### Requirement:
Emit the data below verbatim, stripping out any pictures.

### Dataset extract:
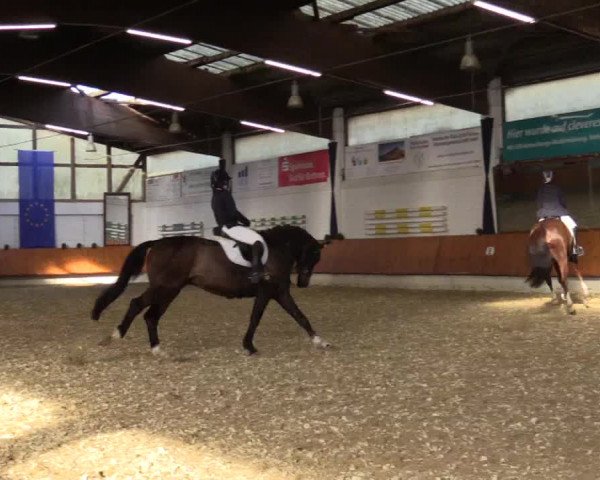 Reitturnier Bottrop 2018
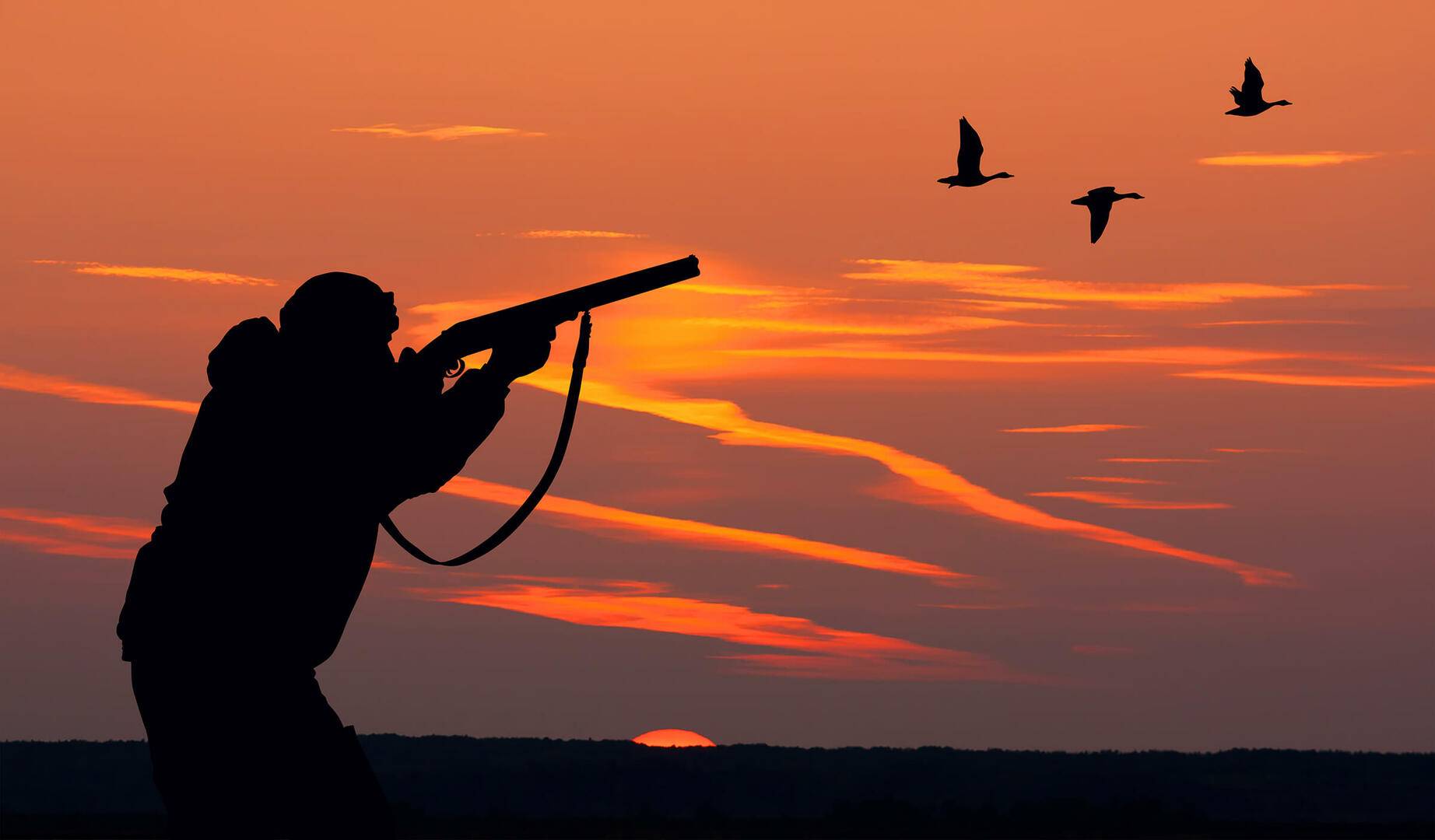 The Basics of Waterfowl Spreads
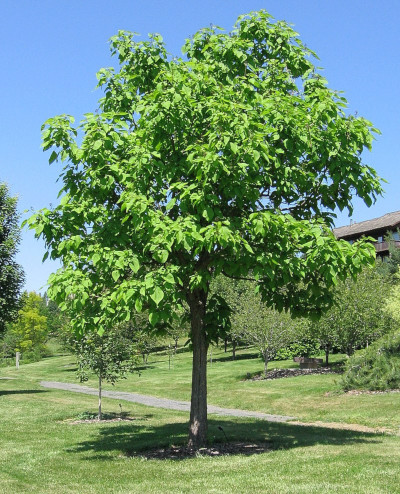 Catalpa à feuilles cordées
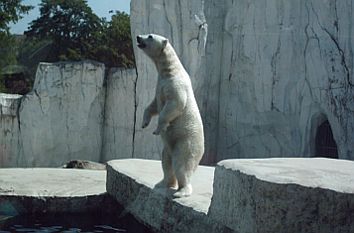 Eisbär Zoologischer Stadtgarten Karlsruhe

### Result of the exercise:
 Reitturnier Bottrop 2018
 The Basics of Waterfowl Spreads
 Catalpa à feuilles cordées
 Eisbär Zoologischer Stadtgarten Karlsruhe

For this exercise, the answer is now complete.